■ **About this task**:
Without the pictures, repeat all of the data exactly as it appears below.

Excerpted records Block Start

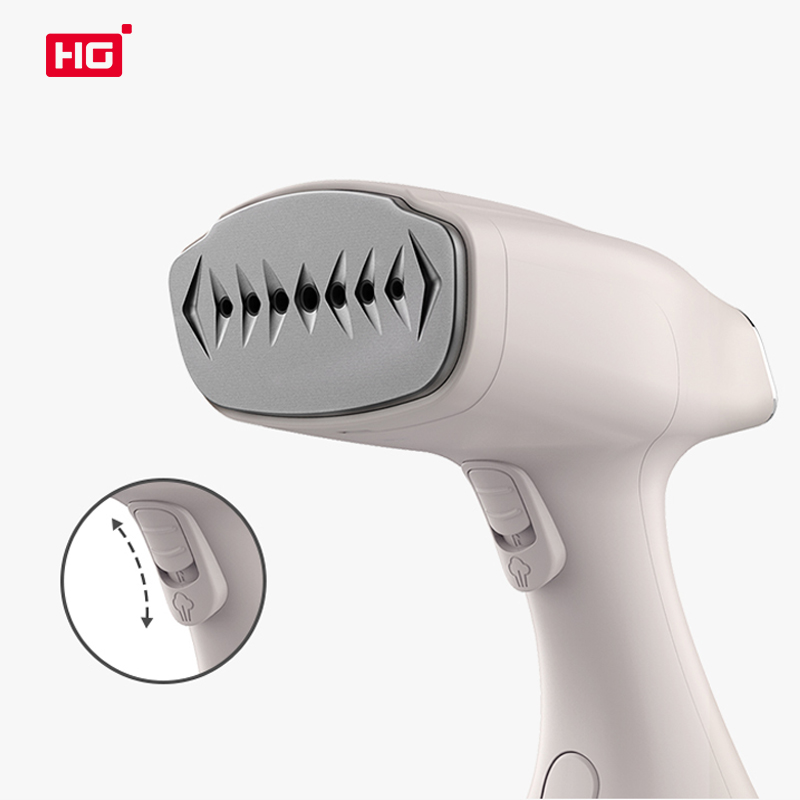 QH09 Handheld Garment Steamer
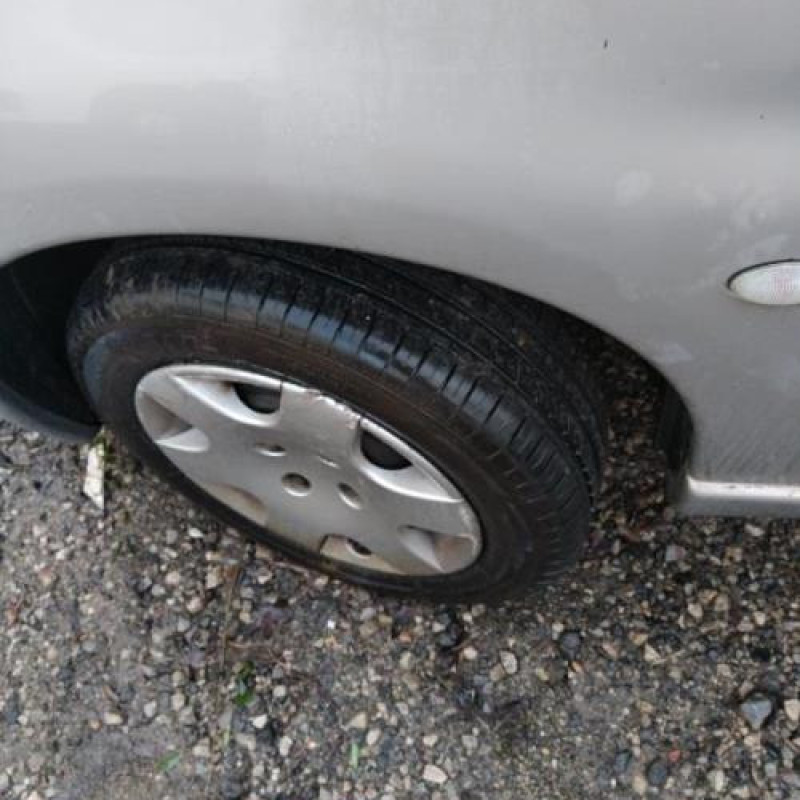 Porte avant gauche CITROEN BERLINGO 1 Photo n°10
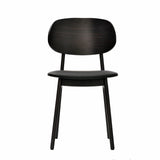 Ban Chair Vinyl Seat - Richmond Office Furniture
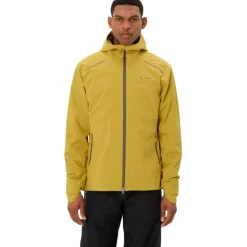 Vaude Yaras 3 in 1 Jas Heren - savanna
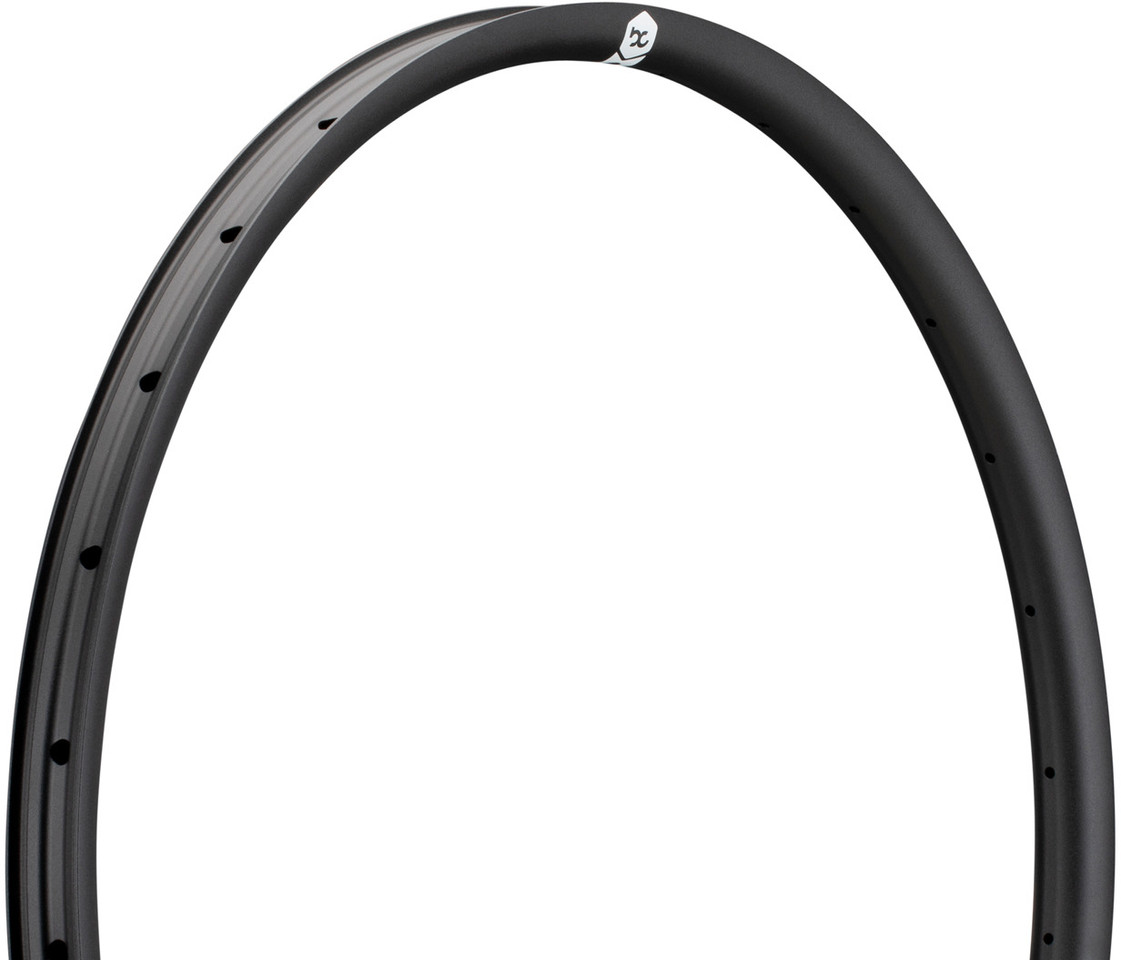 SALE! bc original Loamer Disc 27.5" Rim - Lightweight & Durable | bike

Excerpted records Block End

■ **Output below**:
 QH09 Handheld Garment Steamer
 Porte avant gauche CITROEN BERLINGO 1 Photo n°10
 Ban Chair Vinyl Seat - Richmond Office Furniture
 Vaude Yaras 3 in 1 Jas Heren - savanna
 SALE! bc original Loamer Disc 27.5" Rim - Lightweight & Durable | bike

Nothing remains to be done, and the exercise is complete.